Monday, March 19, 2012

Devel::Declare

Here's a little module Dave Rolsky turned me onto - I'm going to have to read it a couple of times, but essentially it takes control of the Perl parser by arcane means and lets you define your own syntax.

I love the idea of getting away from rickety code generation and into rickety on-the-fly code munging, but the real value would be letting the Perl parser do what it does best; trying to fake it with line-by-line regexps is just asking for trouble.

Sunday, March 18, 2012

Porter stemming algorithm

Just for completeness, here's a link to the Porter stemming algorithm for English. It's another hash of regexps and special cases, but it's standard and does a fair-to-middling job.

NLP class assignment 1

The first assignment for the Coursera/Stanford NLP class was a regexp approach to finding email addresses and phone numbers in a set of faculty pages from the Stanford CS department.

I ended up doing a first pass with a list of regexps, then doing some post-processing afterwards. As is always the case, to hit all their test cases, a lot of fiddly special-casing had to be done, the most irritating being Jurafsky's own email address, which consists of a JavaScript call. As I had no particular intention to embed Spidermonkey in the Python code, this had to be entirely special-cased, although a sane system design would have put this into the page retrieval spider, not in a regexp-based recognizer.

But that's neither here nor there (just low-level irritation) - the real point of the assignment was of course both to provide a little exposure to regular expressions while making it clear that natural language is utterly rife with special cases, and it succeeded on both counts.

It led me to note that splitting the logic between regular expressions and a separate post-processing step was irritating from the point of view of code understandability and maintainability. Probably it would be better to have a more powerful text processing language, perhaps explicitly based on a parser. And it should work from a real tokenizer to eliminate all possible HTML obfuscation - for example, the simple trick of having DIVs break up your email address would have made this code useless. (Which is why it irritated me to have the JavaScript instance in there.)

Anyway, it was fun.

Saturday, March 17, 2012

A little Word scripting

As you may know, I'm a technical translator by trade these days, so I work under Windows with Word documents a lot.
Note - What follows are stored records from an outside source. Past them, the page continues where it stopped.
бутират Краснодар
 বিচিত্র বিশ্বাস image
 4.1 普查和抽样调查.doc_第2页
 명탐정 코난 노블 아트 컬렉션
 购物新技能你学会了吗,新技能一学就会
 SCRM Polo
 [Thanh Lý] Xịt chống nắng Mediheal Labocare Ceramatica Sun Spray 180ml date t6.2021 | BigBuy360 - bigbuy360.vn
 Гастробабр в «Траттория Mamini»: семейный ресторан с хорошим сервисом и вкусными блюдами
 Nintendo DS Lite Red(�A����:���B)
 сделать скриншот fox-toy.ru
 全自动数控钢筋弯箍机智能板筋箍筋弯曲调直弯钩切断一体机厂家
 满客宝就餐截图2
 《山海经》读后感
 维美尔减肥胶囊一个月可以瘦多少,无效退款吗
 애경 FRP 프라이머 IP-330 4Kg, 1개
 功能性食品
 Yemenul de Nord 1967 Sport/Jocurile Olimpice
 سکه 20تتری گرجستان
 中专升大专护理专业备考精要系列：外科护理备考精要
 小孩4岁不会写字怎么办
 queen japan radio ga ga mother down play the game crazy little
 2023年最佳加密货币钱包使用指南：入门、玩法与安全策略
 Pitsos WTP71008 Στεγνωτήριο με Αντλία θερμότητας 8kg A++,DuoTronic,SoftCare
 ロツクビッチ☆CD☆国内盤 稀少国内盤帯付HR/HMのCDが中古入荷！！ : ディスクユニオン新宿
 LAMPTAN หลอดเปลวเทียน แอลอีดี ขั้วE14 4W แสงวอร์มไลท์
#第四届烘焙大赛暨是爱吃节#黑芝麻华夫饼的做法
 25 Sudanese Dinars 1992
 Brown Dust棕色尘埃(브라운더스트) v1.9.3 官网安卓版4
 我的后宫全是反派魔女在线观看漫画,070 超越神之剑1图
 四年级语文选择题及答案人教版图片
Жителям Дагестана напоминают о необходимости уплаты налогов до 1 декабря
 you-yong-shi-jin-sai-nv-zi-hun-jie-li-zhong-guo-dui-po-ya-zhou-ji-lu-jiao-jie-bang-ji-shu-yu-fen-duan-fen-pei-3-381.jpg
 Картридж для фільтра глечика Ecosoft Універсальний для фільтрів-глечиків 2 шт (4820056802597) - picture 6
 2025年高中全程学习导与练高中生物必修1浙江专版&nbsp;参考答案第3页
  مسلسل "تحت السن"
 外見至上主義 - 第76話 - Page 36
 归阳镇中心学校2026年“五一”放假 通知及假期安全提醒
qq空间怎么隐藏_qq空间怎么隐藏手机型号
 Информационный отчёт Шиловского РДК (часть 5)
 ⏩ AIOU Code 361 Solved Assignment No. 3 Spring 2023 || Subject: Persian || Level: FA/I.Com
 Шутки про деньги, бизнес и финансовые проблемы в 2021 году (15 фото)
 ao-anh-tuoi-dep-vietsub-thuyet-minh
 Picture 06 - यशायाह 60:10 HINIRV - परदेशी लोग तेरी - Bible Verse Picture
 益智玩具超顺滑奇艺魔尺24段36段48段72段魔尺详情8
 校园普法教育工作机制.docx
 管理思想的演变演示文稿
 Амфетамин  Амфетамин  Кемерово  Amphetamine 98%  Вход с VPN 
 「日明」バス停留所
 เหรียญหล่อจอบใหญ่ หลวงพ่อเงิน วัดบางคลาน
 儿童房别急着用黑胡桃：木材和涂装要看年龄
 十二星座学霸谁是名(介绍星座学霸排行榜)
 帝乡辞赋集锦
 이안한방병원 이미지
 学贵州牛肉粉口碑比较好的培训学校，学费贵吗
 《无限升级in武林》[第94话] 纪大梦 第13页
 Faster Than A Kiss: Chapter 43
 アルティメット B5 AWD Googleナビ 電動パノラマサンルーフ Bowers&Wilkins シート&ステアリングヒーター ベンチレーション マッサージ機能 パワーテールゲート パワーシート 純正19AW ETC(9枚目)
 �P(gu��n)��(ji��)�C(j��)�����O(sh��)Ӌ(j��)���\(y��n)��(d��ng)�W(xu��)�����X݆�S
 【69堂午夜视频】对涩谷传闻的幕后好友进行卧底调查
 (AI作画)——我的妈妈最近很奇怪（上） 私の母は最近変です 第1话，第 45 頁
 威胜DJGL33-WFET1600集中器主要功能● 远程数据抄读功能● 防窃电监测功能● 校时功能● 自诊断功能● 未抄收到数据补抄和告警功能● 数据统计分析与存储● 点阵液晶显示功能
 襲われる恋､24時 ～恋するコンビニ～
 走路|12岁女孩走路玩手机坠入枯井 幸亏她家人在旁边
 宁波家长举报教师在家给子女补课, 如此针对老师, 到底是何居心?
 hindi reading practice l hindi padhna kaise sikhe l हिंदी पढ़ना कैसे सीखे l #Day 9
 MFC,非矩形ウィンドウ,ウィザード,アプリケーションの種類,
Word has a scripting mechanism that I've often considered to be Microsoft's way of making it technically possible to program whatever you need in Word, without actually making it sensibly easy (making hard things possible and making easy things hard, thus ensuring grist for a robust consulting mill), but back in a previous life I spent a lot of paid time writing Word macros to do text processing. Profiting from that grist, I suppose.

Anyway, this week I have a huge pile of process definitions to be placed into Word, each consisting of a table on each page with a list of steps in a process to be carried out manually (many with barcodes for acknowledgement and so on). Each step has a unique identifier - by which I mean that each type of step has a unique identifier and there can be any number of tokens of each type of step.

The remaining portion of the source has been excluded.